Diamond ban, back on the table

Beyond technology, Poland, Ireland, Estonia, Latvia and Lithuania push together for a ban on the import of diamonds that originate or have been processed in Russia.

The EU has already halted the export of its diamonds towards Russia in a bid to hurt the country’s wealthy elite, but Russia is still allowed to send diamonds into the bloc’s market.

According to the International Trade Centre, exports of Russian diamonds were worth $4.5 billion in 2021.

Their top destination is Belgium, whose diamond centre in Antwerp dominates the international market in the cutting and polishing of the precious material.

For the past months the Belgian government has been under scrutiny over its perceived opposition to further constraining diamond trade with Russia.

“Diamond trade in Antwerp has adapted over the months of this conflict and choices have been made,” Belgian Prime Minister Alexander De Croo said last week, speaking in the Flemish city.

“If you look at the situation today and the volume of trade with Russia compared to before the war, we are in a new world and these are deliberately choices that had been made in Antwerp.”
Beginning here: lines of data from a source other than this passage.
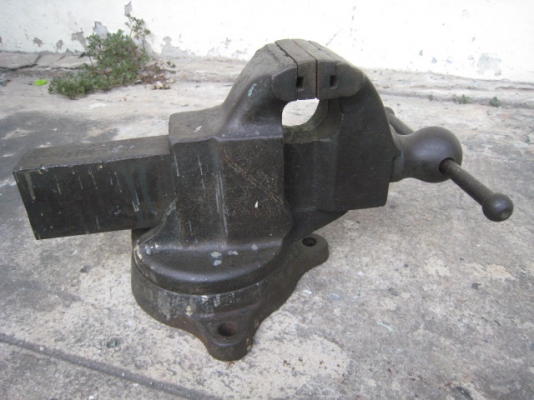 ปากกาจับงานเก่า Rock island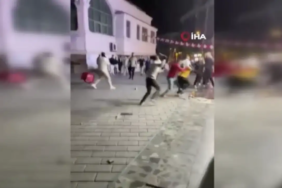 Sosyal Medyada Canlı Yayın Yaparken Sandalyeli Kavgayı Kaydetti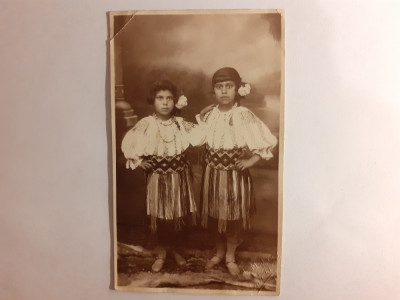 Carte poștală cu 2 fete &amp;icirc;n costume populare foto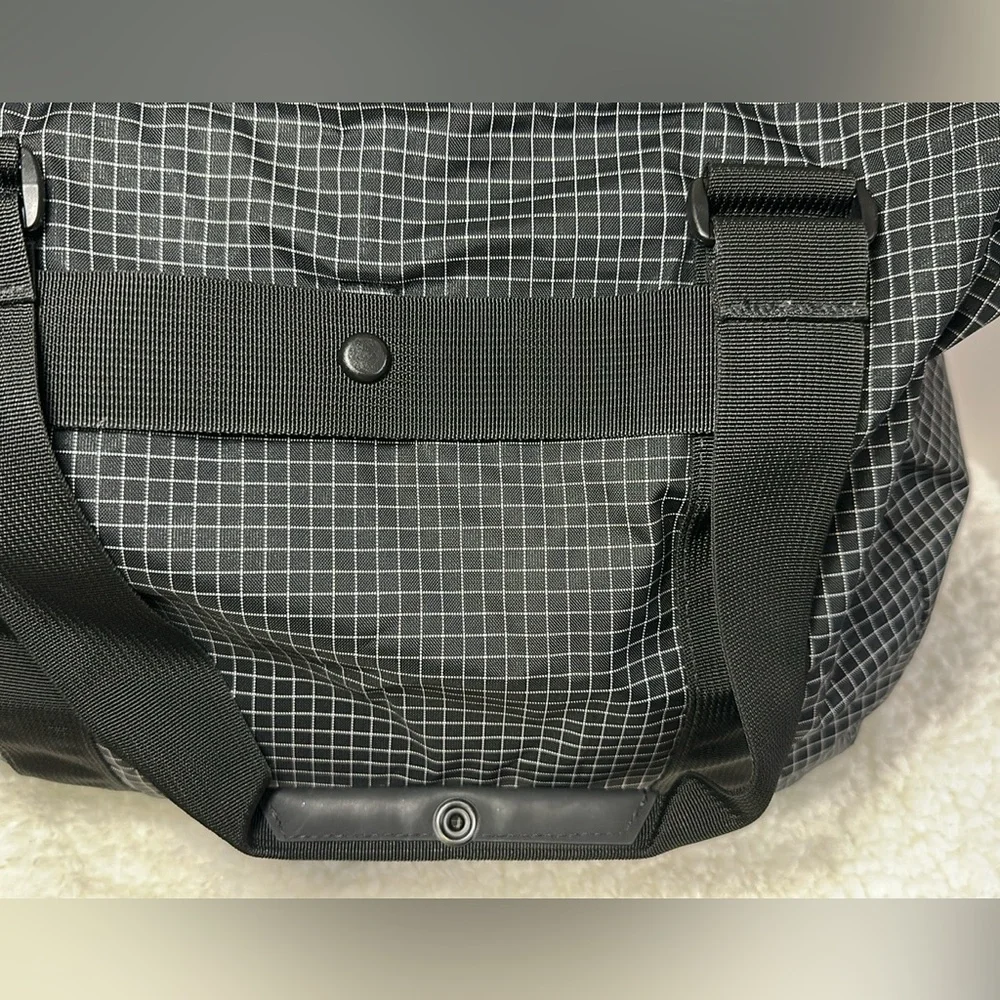 Reebok Black Grid Pattern Gym Duffel Bag Yoga Travel Tote 16x12‎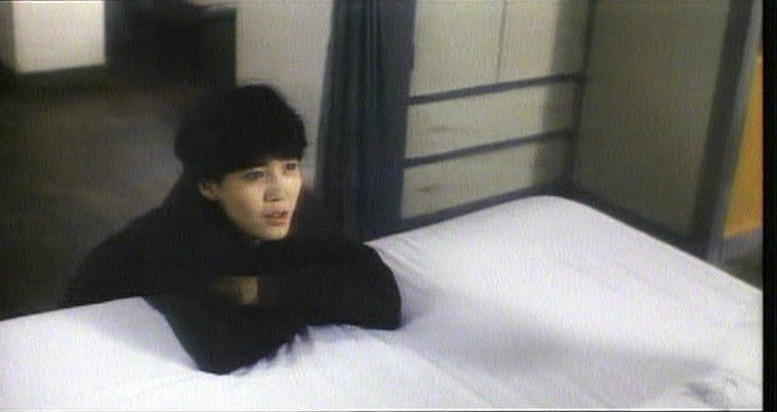 困倦之眼剧照的剧照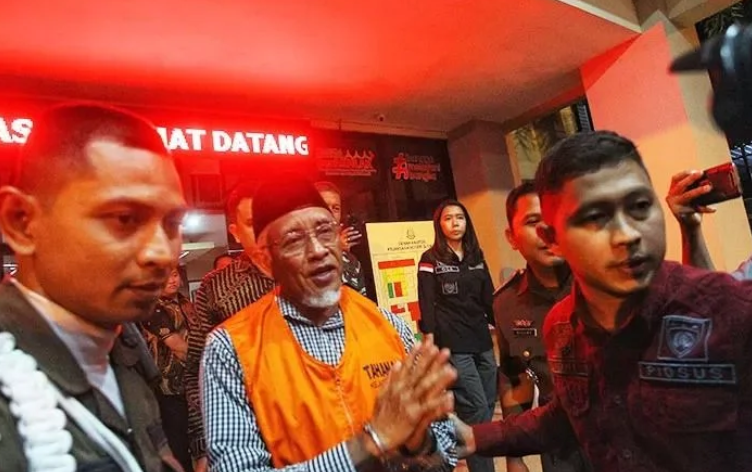 Bupati Sleman Dua Periode, Sri Purnomo, Resmi Ditahan Terkait Dugaan Korupsi Dana Hibah Pariwisata 2020 1 Screenshot 2025 10 29 151113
De Croo noted “sanctions should focus more on the aggressor, rather than ourselves.”

In another section of the joint document, the five countries propose to prohibit the sale of EU-based real estate to any Russian national, resident or company – unless they have the right of permanent residency.

Poland, Ireland, Estonia, Latvia and Lithuania also suggest the EU should broaden its definition of the energy sector to impose restrictions on the trade of nuclear technology.

EU sanctions have to be approved by unanimous agreement of the 27 member states.

“We support the strongest possible sanctions, but we are also aware that the strength lies in the solidarity and unanimity. So we will work towards that,” said a diplomat from one of the five signatories.